IV.-La gestion comptable, financière et administrative du fonds est assurée par la Caisse centrale de réassurance, mentionnée au chapitre Ier du titre III du présent livre IV, dans un compte distinct de ceux retraçant les autres opérations qu’elle effectue. Les frais qu’elle expose pour cette gestion sont imputés sur le fonds. Ce décret précise notamment la franchise applicable et le pourcentage d’indemnisation versée par le fonds des sommes que l’entreprise d’assurance défaillante aurait dû payer en cas d’exécution de son engagement.

V.-Une contribution forfaitaire annuelle à la charge des professionnels de santé mentionnées au I et au II couvre l’intégralité des charges résultant, pour le fonds, des I et II. Son montant est fixé par arrêté des ministres chargés de la santé et de l’économie entre 15 € et 25 € par an. Ce montant peut être modulé en fonction de la profession exercée.

Cette contribution est perçue par les organismes d’assurance et reversée au fonds dans des conditions fixées par décret en Conseil d’Etat.

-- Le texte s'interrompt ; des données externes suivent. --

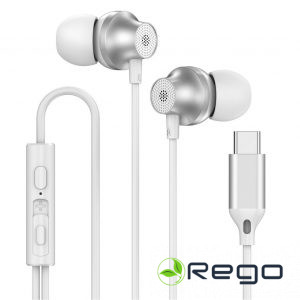 Forever EP-02 universālās austiņas ar mikrofonu 1.2m USB-C baltas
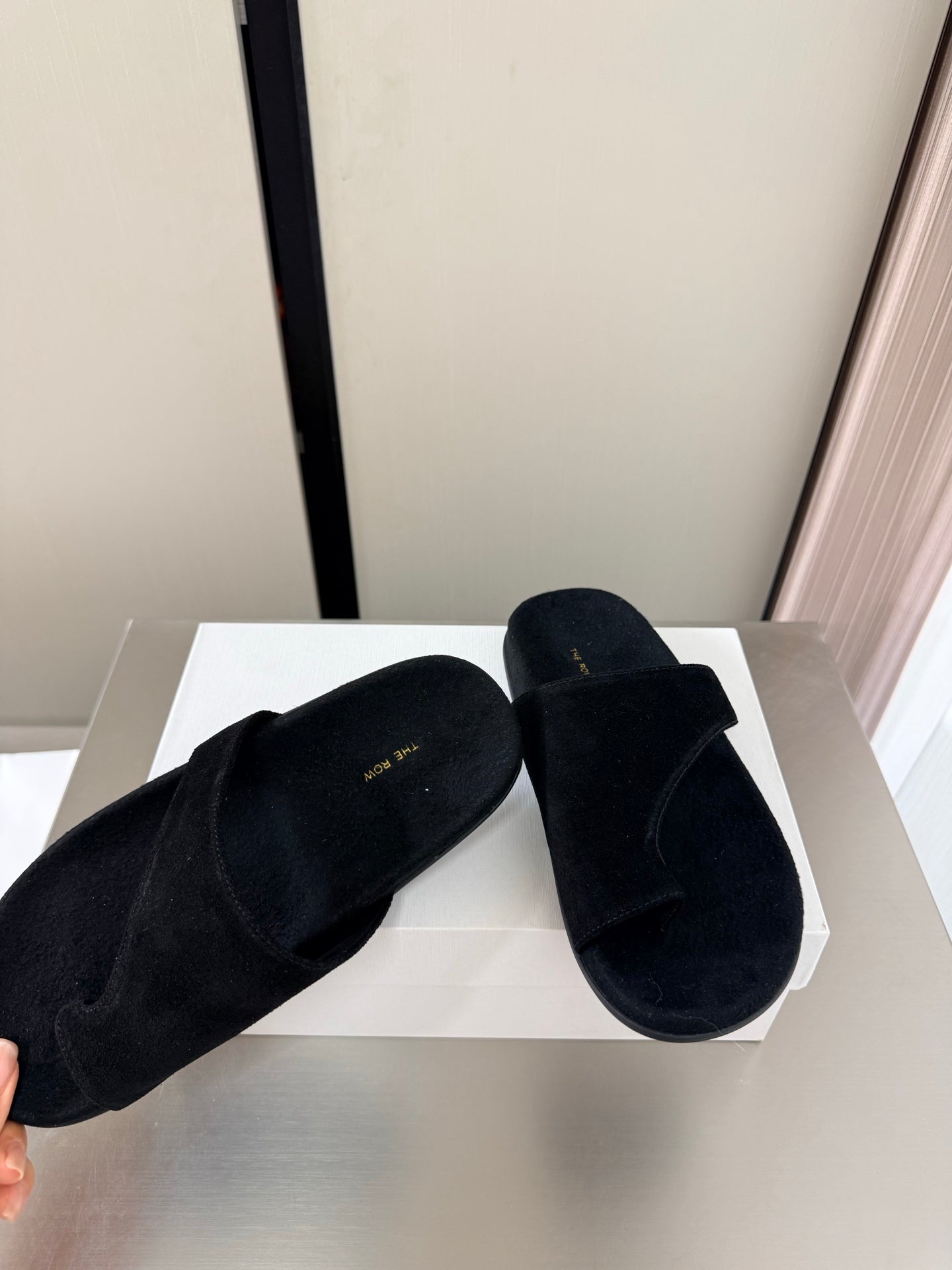 The Row Slip-on Sandals Black Suede 872479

Elle est recouvrée suivant les mêmes règles, sous les mêmes garanties et les mêmes sanctions que la taxe sur les conventions d’assurance prévue aux articles 991 et suivants du code général des impôts.

VI.-Les transactions conclues par les organismes d’assurance auxquelles le fonds n’est pas partie ne lui sont pas opposables.

VII.-Un décret en Conseil d’Etat fixe les conditions d’application du présent article.